What this task involves ▸ Starting at the line that contains "Overview of Christmas", write out every line to the end of the records below exactly, and leave out the pictures.

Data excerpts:
§ §
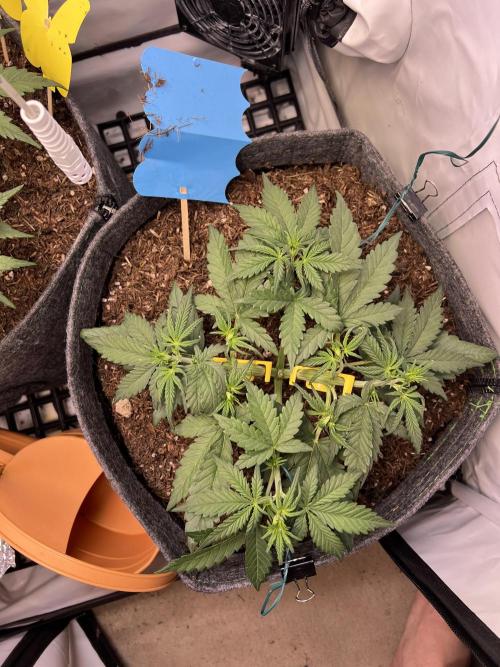 Guava RF3 Living Soil. Week 4 - #1 Day 22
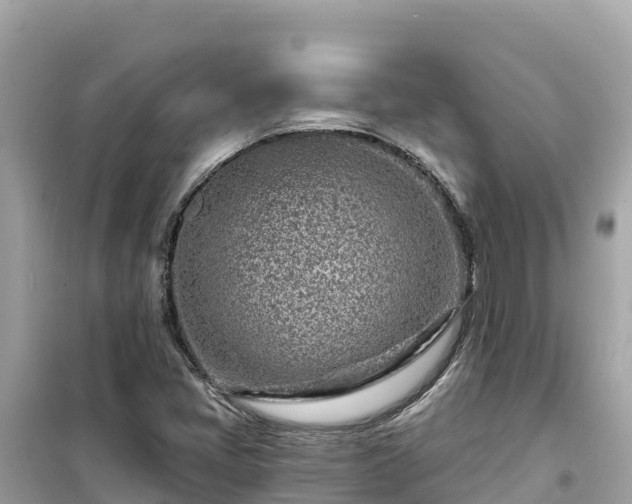 X0000099521405200805221434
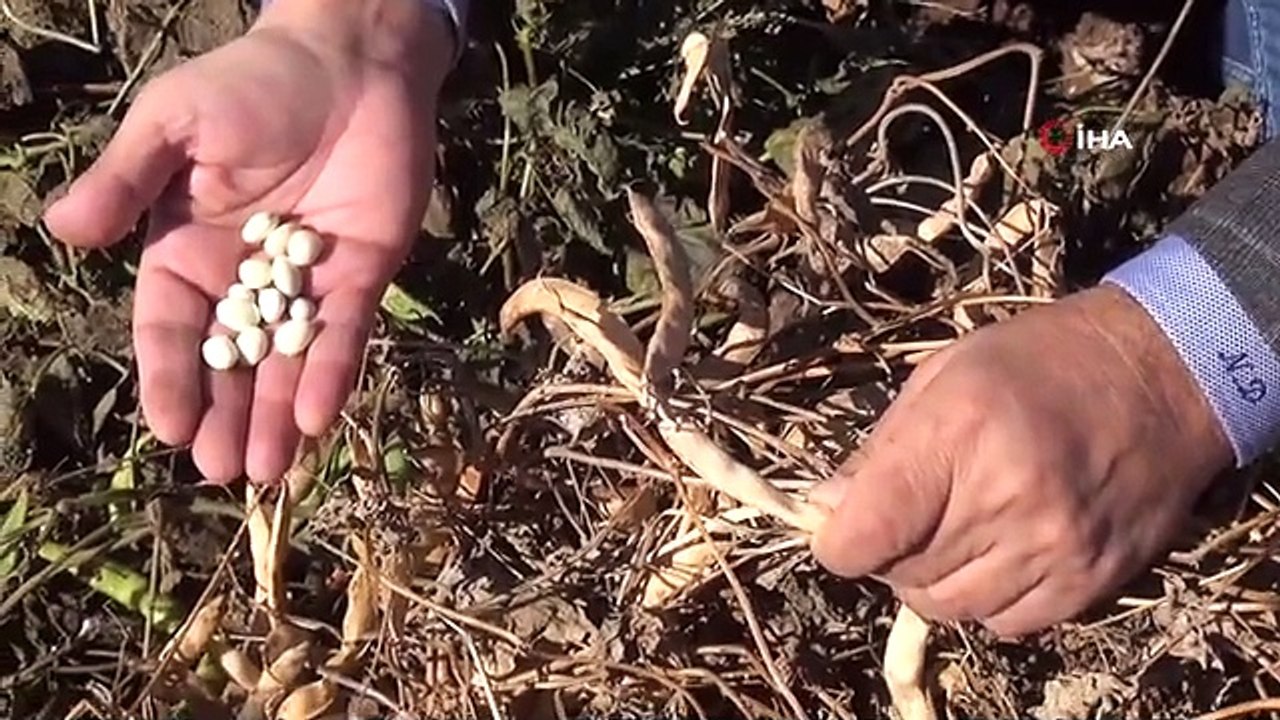 Bitlis Ahlat'ta Şiddetli Yağmur Kuru Fasulye Hasadını Olumsuz Etkiledi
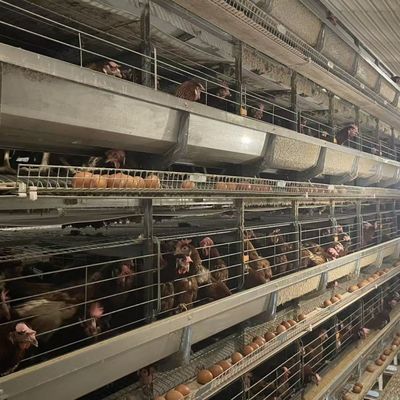 H-Type Layer Battery Cage Hot-Dip Galvanized Full Automation High-Density Breeding Poultry Farming Equipment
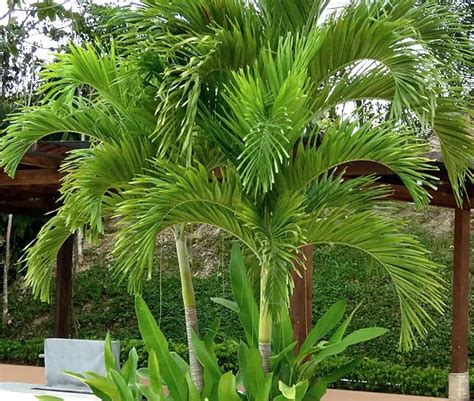 How To Grow The Christmas Palm Tree Veitchia Merrillii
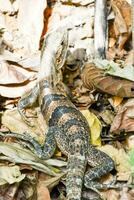 uma lagarto é sentado em a terra dentro a folhas foto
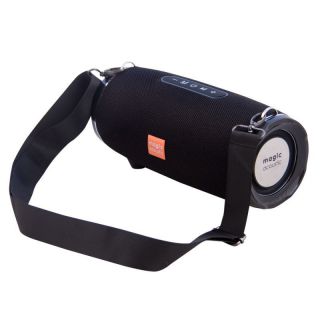 

Портативная акустика Magic Acoustic SK1022BK черный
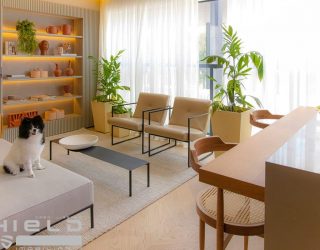 11008petdecorado140311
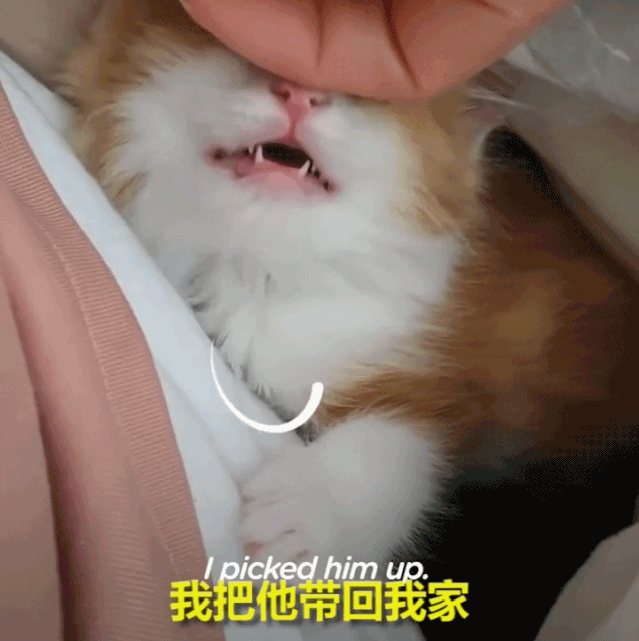 天生瘫痪的小橘猫,竟然能恢复自由奔跑!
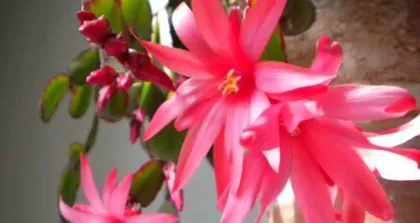 Overview of Christmas Cactus Flowering Period (Exploring the Blooming Patterns and Care Tips of Christmas Cactus) 2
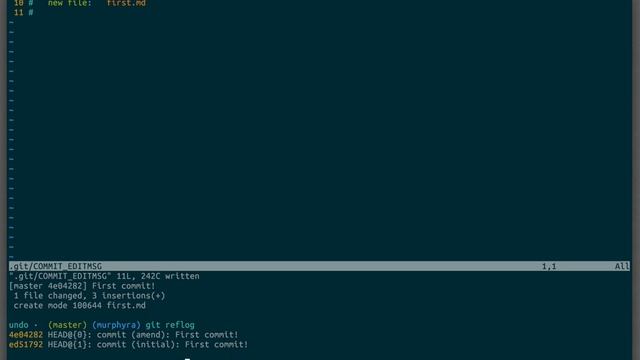 Oops, git! I didn't mean --amend! смотреть онлайн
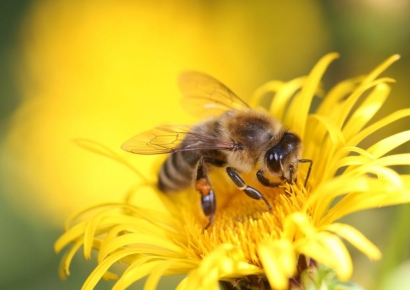 "꿀벌 수억마리 떼죽음" 초비상…미국 식량안보 흔들릴 판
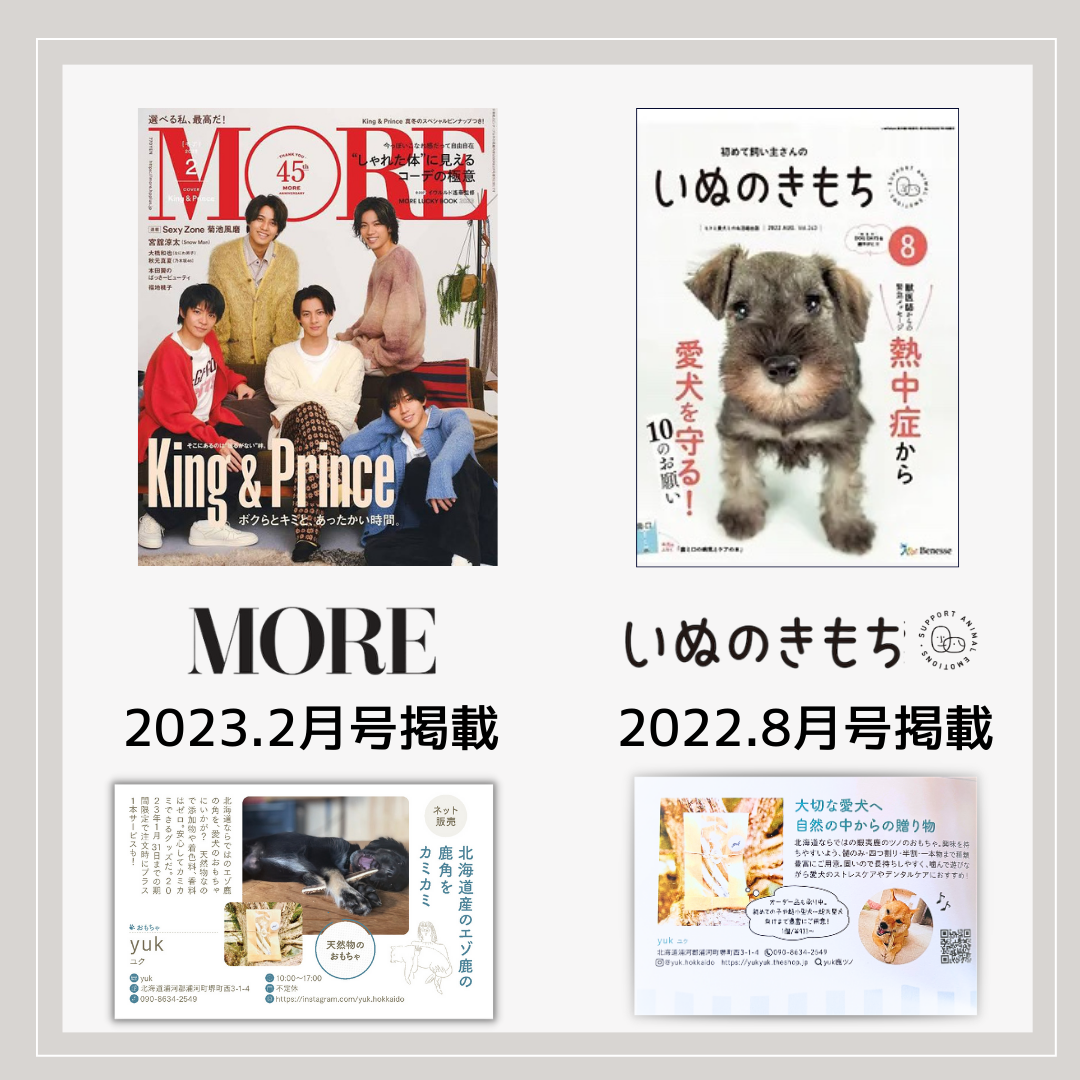 【数量限定】訳アリ　鹿角　北海道産エゾ鹿の角　犬のおもちゃ　鹿の骨　a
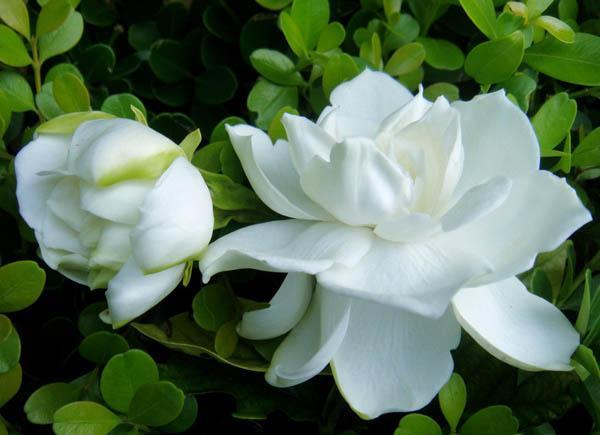 栀子花:"永恒的爱与约定".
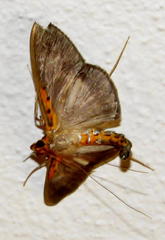 Filodes costivitralis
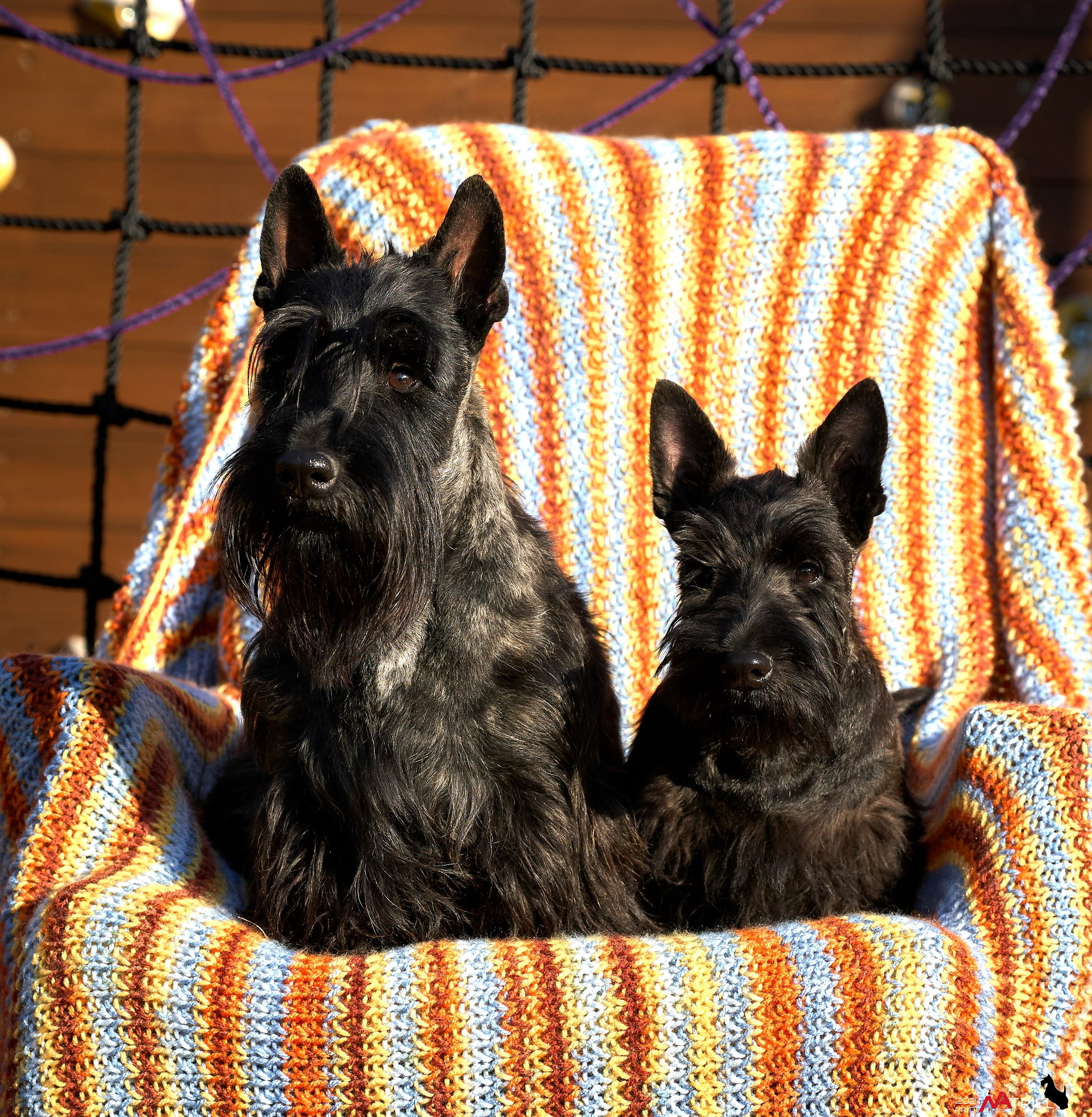 Репортаж со встречи питомника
§ §
Result ▸
 Overview of Christmas Cactus Flowering Period (Exploring the Blooming Patterns and Care Tips of Christmas Cactus) 2
 Oops, git! I didn't mean --amend! смотреть онлайн
 "꿀벌 수억마리 떼죽음" 초비상…미국 식량안보 흔들릴 판
 【数量限定】訳アリ　鹿角　北海道産エゾ鹿の角　犬のおもちゃ　鹿の骨　a
 栀子花:"永恒的爱与约定".
 Filodes costivitralis
 Репортаж со встречи питомника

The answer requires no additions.